Riciclaggio: il gip, “La più grande frode della storia”

di Darrren Hester (da flickr) (immagini di di Darrren Hester (da flickr))L’inchiesta Broker disegna una truffa colossale. 1700 pagine per raccontare un fiume di denaro sporco, evasione e fondi neri per enormi valori. Ma ci sono anche rapporti con ‘Ndrangheta, politica e forze di polizia
di Carlo Ruggiero

“Una delle più colossali frodi poste in essere nella storia nazionale“: così il giudice per le indagini preliminari battezza la storia venuta a galla con l’inchiesta Broker. La truffa ai danni dell’erario è stata disegnata dal magistrato nel provvedimento di oltre 1.700 pagine, con il quale ha disposto l’arresto di 56 persone. Il testo racconta di una fitta rete di connessioni tra aziende, manager ed esponenti della ‘ndrangheta al fine di riciclare denaro sporco. Il tutto per un ammontare complessivo di circa due miliardi e 400 milioni di Iva evasa e un danno al Fisco di circa 370 milioni di euro.

I nomi più grossi finiti nella rete delle forze dell’ordine sono quello di Silvio Scaglia, fondatore di Fastweb e del senatore Di Girolamo (Pdl), ma “l’eccezionale entità del danno arrecato allo Stato”, è rappresentata soprattutto dalla “sistematicità delle condotte, la loro protrazione negli anni e la qualità di primari operatori di borsa e mercato di Fastweb e Telecom Italia Sparale”.

“La realizzazione di ingenti crediti fiscali
“, però, secondo quanto scrive il gip di Roma Aldo Morgigni, “era solo una delle condotte delittuose ideate dagli amministratori e forse il lato meno significativo dell’intera operazione delittuosa“. L’obiettivo era creare “ingenti poste passive di bilancio dovute alle apparenti uscite di centinaia di milioni di euro in favore delle società cartiere. Le ingenti somme di denaro apparentemente spese per pagare l’Iva in favore delle cartiere consentivano di realizzare fondi neri per enormi valori“.

Fastweb e Telecom Italia Sparkle, in sostanza, secondo gli inquirenti avrebbero gonfiato la fatturazione
con servizi inesistenti. per accumulare denaro su conti esteri. L’accusa è dunque quella di associazione per delinquere finalizzata al riciclaggio e al reimpiego di capitali illecitamente acquisiti. Il tutto attraverso una truffa tanto articolata da essere definita un “carosello”. La procura di Roma ha fatto richiesta formale di commissariamento delle due società. La richiesta è motivata dalla “mancata vigilanza“, ed è stata fatta sulla base della legge 231 del 2001 che prevede sanzioni per quelle società che non predispongono misure idonee a evitare danni all’intero assetto societario.
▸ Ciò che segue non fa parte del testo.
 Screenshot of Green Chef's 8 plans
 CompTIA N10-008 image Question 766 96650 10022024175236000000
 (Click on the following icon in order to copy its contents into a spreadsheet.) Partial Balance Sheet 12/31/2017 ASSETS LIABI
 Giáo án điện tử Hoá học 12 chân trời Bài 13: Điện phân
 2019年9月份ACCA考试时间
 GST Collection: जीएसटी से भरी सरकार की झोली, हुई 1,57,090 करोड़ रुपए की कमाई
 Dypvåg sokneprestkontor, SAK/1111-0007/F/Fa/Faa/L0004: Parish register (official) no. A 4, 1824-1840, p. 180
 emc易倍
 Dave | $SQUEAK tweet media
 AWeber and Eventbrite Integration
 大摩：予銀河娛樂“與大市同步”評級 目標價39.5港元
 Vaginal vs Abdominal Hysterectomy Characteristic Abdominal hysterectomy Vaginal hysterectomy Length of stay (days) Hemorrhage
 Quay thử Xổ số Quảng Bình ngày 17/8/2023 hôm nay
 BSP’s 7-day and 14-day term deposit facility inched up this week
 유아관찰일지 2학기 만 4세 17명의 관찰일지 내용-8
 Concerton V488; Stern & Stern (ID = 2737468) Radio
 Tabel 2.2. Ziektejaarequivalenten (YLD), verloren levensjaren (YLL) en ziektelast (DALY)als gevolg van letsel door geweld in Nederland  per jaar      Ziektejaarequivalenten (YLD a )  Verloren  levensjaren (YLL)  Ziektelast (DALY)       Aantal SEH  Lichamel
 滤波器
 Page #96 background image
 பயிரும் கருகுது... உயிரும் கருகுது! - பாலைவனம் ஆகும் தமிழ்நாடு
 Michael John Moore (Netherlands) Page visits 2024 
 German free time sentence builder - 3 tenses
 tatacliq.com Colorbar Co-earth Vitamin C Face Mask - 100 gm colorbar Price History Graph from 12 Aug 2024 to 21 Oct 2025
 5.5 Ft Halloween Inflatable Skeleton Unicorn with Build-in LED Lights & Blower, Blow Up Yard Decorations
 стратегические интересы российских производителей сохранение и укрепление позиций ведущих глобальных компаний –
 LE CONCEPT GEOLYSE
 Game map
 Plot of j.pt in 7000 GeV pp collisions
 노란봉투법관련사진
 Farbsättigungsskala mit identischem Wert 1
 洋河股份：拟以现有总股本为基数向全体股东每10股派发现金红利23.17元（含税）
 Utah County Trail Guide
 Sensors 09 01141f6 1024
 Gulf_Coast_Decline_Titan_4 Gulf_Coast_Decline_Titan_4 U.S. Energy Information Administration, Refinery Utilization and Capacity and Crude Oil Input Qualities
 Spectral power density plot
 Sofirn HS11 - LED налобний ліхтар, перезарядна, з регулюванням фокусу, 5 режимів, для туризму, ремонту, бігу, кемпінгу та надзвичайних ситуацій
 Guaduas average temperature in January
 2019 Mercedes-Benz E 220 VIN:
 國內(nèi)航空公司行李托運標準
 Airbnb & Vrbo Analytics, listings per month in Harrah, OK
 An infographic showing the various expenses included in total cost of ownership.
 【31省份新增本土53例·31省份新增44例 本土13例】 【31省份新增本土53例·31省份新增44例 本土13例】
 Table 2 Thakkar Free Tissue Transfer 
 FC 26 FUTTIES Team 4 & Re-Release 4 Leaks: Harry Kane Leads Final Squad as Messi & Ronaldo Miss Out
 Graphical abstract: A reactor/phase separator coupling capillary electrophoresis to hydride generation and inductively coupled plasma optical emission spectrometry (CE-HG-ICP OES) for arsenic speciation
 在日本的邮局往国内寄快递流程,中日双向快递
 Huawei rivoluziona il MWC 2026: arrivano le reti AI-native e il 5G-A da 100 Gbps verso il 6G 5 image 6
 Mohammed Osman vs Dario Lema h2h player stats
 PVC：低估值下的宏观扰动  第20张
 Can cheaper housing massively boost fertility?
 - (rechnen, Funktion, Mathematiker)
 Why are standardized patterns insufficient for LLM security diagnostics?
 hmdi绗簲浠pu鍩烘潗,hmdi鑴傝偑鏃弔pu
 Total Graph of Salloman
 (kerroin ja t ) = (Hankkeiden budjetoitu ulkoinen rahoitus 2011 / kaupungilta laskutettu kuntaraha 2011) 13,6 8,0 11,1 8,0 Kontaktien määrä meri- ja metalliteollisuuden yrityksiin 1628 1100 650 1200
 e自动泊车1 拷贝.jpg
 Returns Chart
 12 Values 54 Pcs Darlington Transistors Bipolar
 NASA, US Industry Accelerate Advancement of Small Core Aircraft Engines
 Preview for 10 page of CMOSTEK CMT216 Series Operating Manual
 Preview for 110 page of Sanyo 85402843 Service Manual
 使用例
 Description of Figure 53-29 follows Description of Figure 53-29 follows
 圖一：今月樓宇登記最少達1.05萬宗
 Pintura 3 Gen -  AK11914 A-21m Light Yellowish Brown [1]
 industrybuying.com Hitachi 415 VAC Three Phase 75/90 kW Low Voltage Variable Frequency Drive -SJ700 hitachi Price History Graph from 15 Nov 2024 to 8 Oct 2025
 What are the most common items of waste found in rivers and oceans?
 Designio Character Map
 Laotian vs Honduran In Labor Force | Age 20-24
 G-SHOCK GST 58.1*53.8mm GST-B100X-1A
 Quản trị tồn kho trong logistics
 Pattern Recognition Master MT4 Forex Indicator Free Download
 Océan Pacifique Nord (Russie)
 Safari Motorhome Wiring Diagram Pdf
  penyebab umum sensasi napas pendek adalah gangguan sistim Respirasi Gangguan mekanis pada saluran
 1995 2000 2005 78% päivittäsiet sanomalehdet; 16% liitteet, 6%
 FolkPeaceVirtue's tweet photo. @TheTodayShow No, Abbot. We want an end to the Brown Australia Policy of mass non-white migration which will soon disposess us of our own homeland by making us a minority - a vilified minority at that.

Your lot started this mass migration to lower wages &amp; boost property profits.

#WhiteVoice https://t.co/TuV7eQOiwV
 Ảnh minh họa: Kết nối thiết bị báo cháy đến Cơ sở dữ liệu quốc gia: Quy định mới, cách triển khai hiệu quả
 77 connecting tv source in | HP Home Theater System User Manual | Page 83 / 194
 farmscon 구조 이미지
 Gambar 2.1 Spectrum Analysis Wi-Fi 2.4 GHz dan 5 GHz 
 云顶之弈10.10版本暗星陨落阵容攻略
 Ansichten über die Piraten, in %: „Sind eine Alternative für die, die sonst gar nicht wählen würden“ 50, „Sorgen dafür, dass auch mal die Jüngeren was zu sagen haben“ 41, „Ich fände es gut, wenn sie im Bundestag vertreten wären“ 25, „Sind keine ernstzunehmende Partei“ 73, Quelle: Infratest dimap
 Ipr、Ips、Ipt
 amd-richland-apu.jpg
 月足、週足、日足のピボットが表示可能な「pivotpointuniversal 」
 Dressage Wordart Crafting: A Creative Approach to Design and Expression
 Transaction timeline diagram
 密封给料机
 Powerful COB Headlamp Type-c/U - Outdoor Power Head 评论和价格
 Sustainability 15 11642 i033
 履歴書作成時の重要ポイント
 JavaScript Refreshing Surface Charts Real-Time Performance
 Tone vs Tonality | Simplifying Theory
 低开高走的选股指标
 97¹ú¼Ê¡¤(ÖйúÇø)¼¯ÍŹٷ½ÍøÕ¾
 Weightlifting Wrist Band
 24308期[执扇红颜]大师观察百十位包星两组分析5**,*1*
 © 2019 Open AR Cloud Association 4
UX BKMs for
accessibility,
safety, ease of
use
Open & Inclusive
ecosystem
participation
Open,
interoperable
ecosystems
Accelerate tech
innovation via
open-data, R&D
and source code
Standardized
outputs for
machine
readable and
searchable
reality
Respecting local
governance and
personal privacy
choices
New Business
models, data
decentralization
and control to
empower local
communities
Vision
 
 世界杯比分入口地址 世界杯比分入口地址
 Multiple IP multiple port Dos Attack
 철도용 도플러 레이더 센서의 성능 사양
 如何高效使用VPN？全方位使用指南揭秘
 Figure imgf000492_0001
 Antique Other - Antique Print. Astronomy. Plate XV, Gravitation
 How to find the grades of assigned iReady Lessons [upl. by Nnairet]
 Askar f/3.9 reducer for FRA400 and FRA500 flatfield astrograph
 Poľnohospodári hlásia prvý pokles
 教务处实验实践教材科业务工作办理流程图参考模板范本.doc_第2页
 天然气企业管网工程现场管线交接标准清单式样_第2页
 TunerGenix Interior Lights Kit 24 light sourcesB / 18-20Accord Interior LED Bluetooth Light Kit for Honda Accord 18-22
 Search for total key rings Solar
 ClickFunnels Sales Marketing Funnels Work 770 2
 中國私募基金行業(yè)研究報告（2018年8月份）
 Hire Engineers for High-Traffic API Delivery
Secondo gli inquirenti, però, ci sarebbe un secondo livello nell’organizzazione che sfocia in rapporti inquietanti con la ‘ndrangheta. Gennaro Mokbel, un imprenditore romano, avrebbe infatti supportato l’elezione al Senato di Di Girolamo. L’associazione, per ottenere collaborazione e protezione, avrebbe dunque chiesto alla ‘ndrangheta di organizzare “gravissimi brogli elettorali” per ottenere l’elezione nella circoscrizione estero di Di Girolamo. Sarebbe stata la ‘ndrangheta a reperire le schede elettorali e a falsificare i voti di preferenza a favore il senatore.

L’adesione al sodalizio di esponenti delle forze di polizia, inoltre, secondo i magistrati costituiva “l’ulteriore passo verso un “terzo livello“ di associati, che fosse rivestito delle pubbliche funzioni indispensabili ad assicurare i profitti dell’associazione“. Questo avveniva sia con “attività di intralcio alle indagini che con diretta attività di collaborazione in cambio di elevatissime somme di denaro che costituivano il prezzo della corruzione“. L’organizzazione, anche per l’abituale collaborazione con appartenenti alla ‘ndrangheta (cui venivano intestati beni di lusso e attività economiche degli associati come nel caso di Franco Pugliese) è giudicata dal gip, nell’ordinanza di custodia cautelare, “tra le più pericolose mai individuate“.

Non ho ancora letto gli atti. Posso solo dire che tutti i fatti, contestati dai giornali, non mi appartengono“. E’ questa la prima reazione di Nicola Di Girolamo, espressa in una conferenza stampa. “Ma roba da matti!“ avrebbe detto invece al Corriere della Sera Silvio Scaglia, l’ex presidente di Fastweb coinvolto nell’inchiesta. Il manager, raggiunto dal quotidiano in Sudamerica, ha affermato: “Non capisco cosa stia succedendo“.